Ubiquinone, also known as coenzyme Q, plays a vital role in the electron transport chain, driving ATP synthesis in numerous organisms. In E. coli, a series of enzymatic steps performed by ubiquitin proteins (Ubi) utilizes chorismate and octaprenyl diphosphate as precursors to synthesize ubiquinone (Figure 10a; Thomas et al., 2019) While some Ubi proteins function independently, the final six reactions are performed by the Ubi metabolon (UbiE-I). This metabolon comprises three hydroxylases (UbiI, UbiH, and UbiF) and two methyltransferases (UbiG and UbiE) (Abby et al., 2020). The overall structure of this obligatory Ubi metabolon remains poorly defined. The metabolon enhances catalytic efficiency by organizing sequential enzymes of the same metabolic pathway and encapsulating reactive ubiquinone intermediates, thereby protecting against oxidative damage (Abby et al., 2020). Additionally, two accessory factors, UbiJ and UbiK, are present. UbiJ binds ubiquinone and other non-specific lipids. The mechanisms by which octaprenylphenol exits the membrane and attaches to UbiJ in the soluble Ubi complex (potentially facilitated by UbiB) and how the final product is transported to the membrane are still unclear.

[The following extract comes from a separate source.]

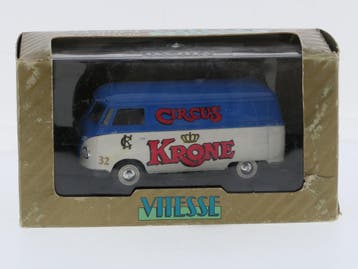 Schaal 1:43 Vitesse NEW OLD STOCK 004 B VW Bulli Krone..., Ophalen of Verzenden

Organization of the Ubi metabolon.

(a) Simplified ubiquinone synthesis pathway from 4-HB. 4-HB: 4-hydroxybenzoic acid, OPP: octaprenyl diphosphate. (b) Architecture of the Ubi metabolon. The numbers indicate the six reactions carried out by the Ubi metabolon, and the arrows depict the path followed by the lipid intermediate transported by UbiJ. In the first step, UbiJ shields the lipid intermediate and binds to UbiI, catalyzing the first reaction. In the following steps, the flexible UbiJ transport the biosynthetic intermediates to the next enzyme. (c) AlphaFold2 (AF2) model of the Ubi metabolon. Uniprot codes used for AF2: ubiA: P0AGK1, ubiE: P0A887, ubiF: P75728, ubiG: P17993, ubiH: P25534, ubiI: P25535, ubiJ: P0ADP7, ubiK: Q46868.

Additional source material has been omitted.